Fact: That doesn’t sway the west Omahans who rarely or never venture east.
“The truth for us is that everything we need is just right here,” says Pam Vermillion, who lives near 120th Street.
I got way more responses from east Omahans saying they avoided going west at all costs. They joked about building a wall around I-680, joked about packing a sack lunch when forced to journey to the triple digit streets, joked — OK, half joked — about this strange land of endless housing developments and cul-de-sacs where their friends moved, never to be seen again. It was funny. It also seemed kind of angry.
In an email, Country Club neighborhood resident Douglas Little told me he only goes west to his in-laws’ home and for the frozen Indian food at Trader Joe’s.
“The west seems sterile, spread out, full of chain restaurants, and ... well, boring,” he wrote.
A certain amount of this criticism makes sense to Derek, a high school computer science and engineering teacher at Omaha North, and to me, too.
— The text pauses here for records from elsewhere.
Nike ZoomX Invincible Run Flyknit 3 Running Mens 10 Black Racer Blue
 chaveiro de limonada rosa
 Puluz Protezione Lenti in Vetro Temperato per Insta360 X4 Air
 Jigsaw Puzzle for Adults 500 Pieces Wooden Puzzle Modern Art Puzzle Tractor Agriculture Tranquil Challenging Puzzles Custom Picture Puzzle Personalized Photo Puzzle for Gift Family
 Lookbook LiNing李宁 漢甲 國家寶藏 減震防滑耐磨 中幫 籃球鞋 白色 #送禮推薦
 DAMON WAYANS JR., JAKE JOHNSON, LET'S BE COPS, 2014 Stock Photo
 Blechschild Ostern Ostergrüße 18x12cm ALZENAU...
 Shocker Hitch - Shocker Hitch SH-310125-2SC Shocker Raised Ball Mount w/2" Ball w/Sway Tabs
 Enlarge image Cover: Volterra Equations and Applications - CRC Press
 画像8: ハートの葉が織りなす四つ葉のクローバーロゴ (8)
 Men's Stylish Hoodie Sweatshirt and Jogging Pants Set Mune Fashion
A half-century of sprawl has strained Omaha’s infrastructure to near the breaking point. There’s a sense in east Omaha, Derek says, that some suburbanites utilize Omaha’s shiniest toys — the arena, the zoo, the Old Market — once a summer but don’t meaningfully participate in the life of the city the other 362 days a year.
“They want to be in a city, but they don’t want any of the grit that comes with a city,” Derek says. “Every time they demand resources, every time we widen a road out west ... it induces people to move west. Then they use that road to vacate (downtown) as quickly as possible when the Bluejays game is over.”
But — but — it struck me as fascinating and also a little sad to watch many of my fellow east Omahans stereotype the bejesus out of west Omaha, turn it into something resembling a cartoon, even as they insisted that west Omahans are the ones doing the stereotyping.
Maybe these people have never visited Elkhorn or Bennington’s delightfully throwback main streets. Maybe they haven’t eaten some of the city’s best Chinese food, Korean food or Vietnamese pho in west Omaha, not to mention Dante on 168th or Twisted Cork on West Pacific or Frank’s Pizzeria on 132nd.
Maybe they haven’t jogged around Zorinsky Lake, or played Elkhorn’s Indian Creek Golf Course or watched a movie at the Alamo Drafthouse Cinema or caught a ballgame on a beautiful summer night at Werner Park.
Maybe they don’t realize that much of Omaha’s established Afghan-American community lives west of this invisible barrier they have created for themselves.
And so it seems that for many Omahans that barrier will stand, that invisible 72nd Street border that separates a single metro area that often ends up feeling like two.
The reason seems obvious: We value some different things.
The danger, too, seems obvious: That self-imposed border can make it harder to understand that we value many of the same things as well.
Back at Do Space at 72nd and Dodge, I finish my interview with Derek — like most everyone I talked to, an insightful, thoughtful Omahan — and say goodbye. I watch him cross back east of 72nd Street, toward the part of town he much prefers.
I get in my car and point it west. I need to think about this two Omahas thing. Nothing helps me think better than a slice of Frank’s pizza.